Below, find the line containing "Page thumbnail for New Hampshire Statesman" and the line containing "اتاق لوکس با"; reproduce exactly those two and every line between them, omitting pictures.

Supplied information:
^^^^^^^^^^^^^^^^

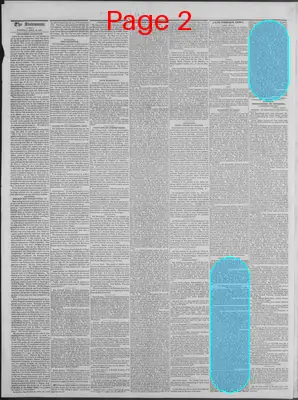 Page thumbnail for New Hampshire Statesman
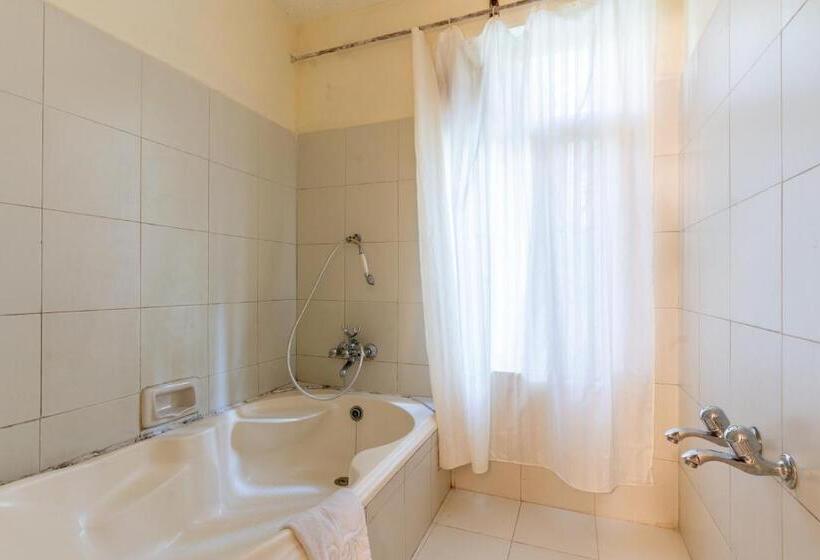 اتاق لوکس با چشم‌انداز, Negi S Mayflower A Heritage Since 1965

^^^^^^^^^^^^^^^^

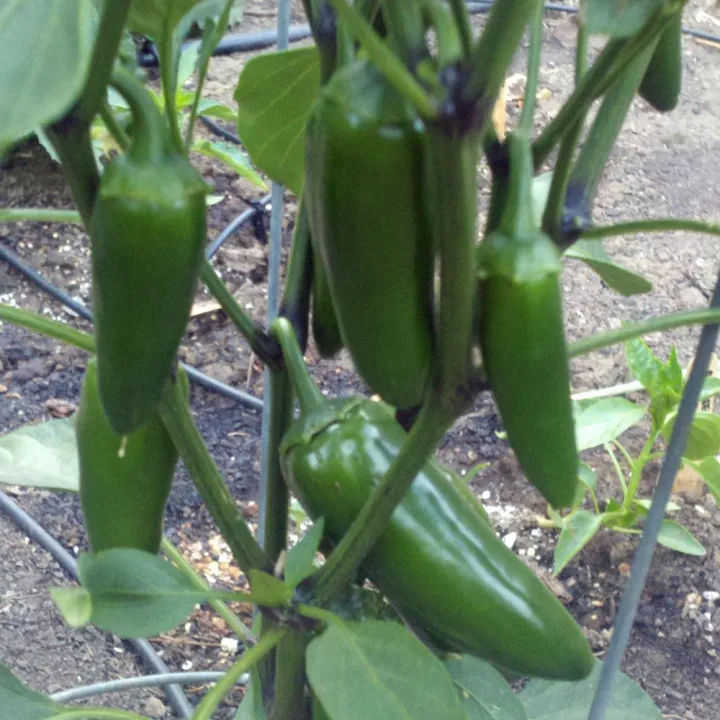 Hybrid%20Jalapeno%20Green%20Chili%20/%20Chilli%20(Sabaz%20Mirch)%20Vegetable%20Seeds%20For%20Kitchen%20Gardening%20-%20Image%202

^^^^^^^^^^^^^^^^

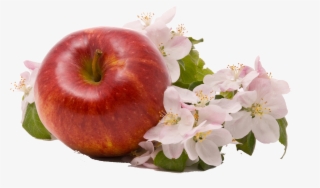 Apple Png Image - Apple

^^^^^^^^^^^^^^^^

Response area:
 Page thumbnail for New Hampshire Statesman
 اتاق لوکس با چشم‌انداز, Negi S Mayflower A Heritage Since 1965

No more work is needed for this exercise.